Please repeat nothing except the lines from the one containing "2015 GMC Acadia SLT" through the end of the records, exactly and without pictures.
Start of Input for this task
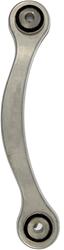 Dorman Control Arms 521-503
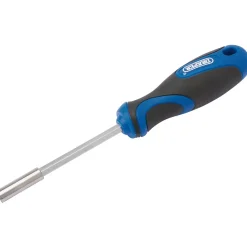 Bit Holding Driver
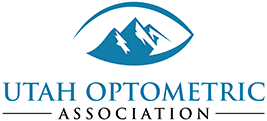 Utah Optometric Association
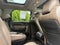 2015 GMC Acadia SLT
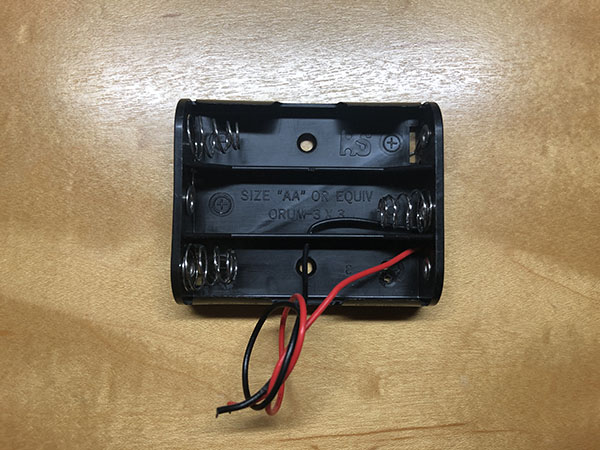 rc-car-dualshock2-wifi-03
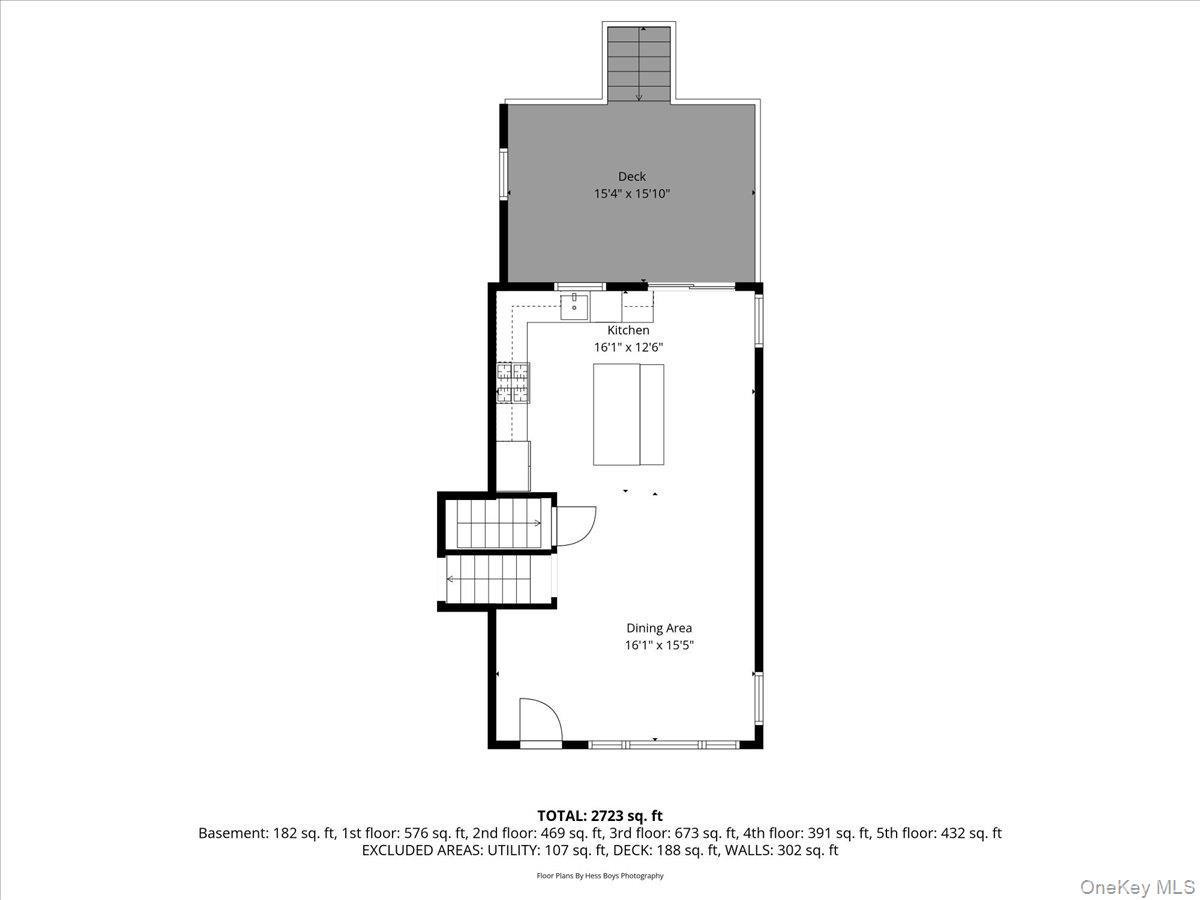 Single Family Fordham Bronx, NY 10464, MLS-989139-25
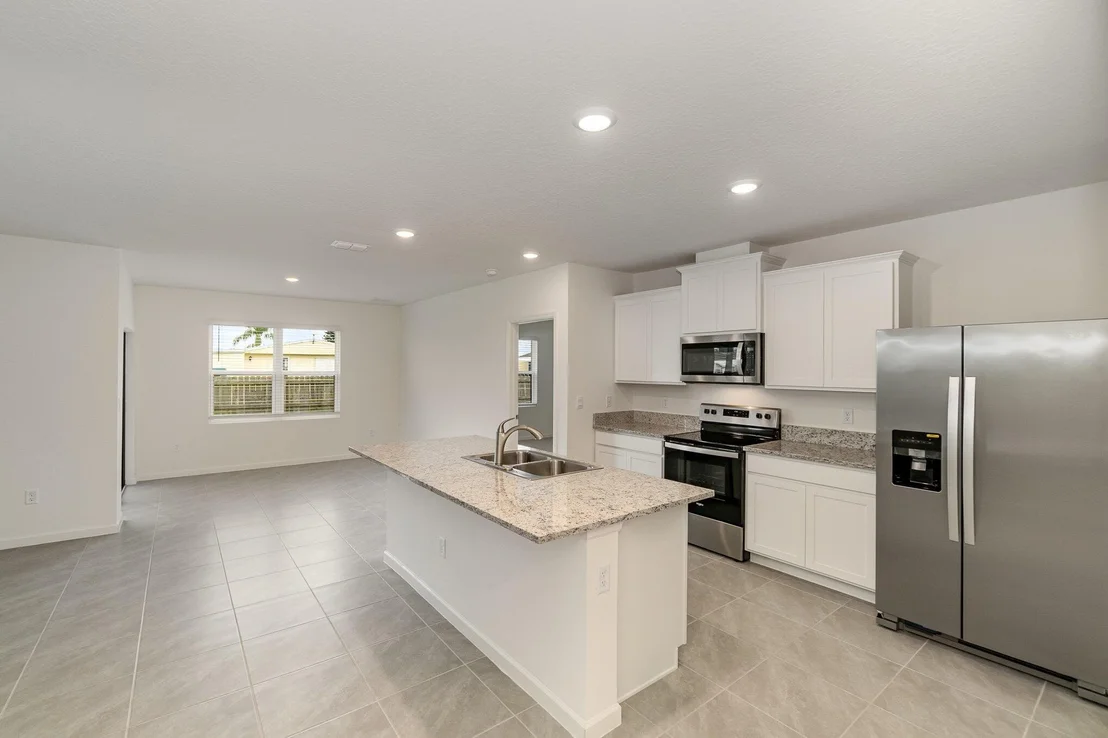 Photo of 455 Seafoam Circle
End of Input for this task
* Finished exercise:
 2015 GMC Acadia SLT
 rc-car-dualshock2-wifi-03
 Single Family Fordham Bronx, NY 10464, MLS-989139-25
 Photo of 455 Seafoam Circle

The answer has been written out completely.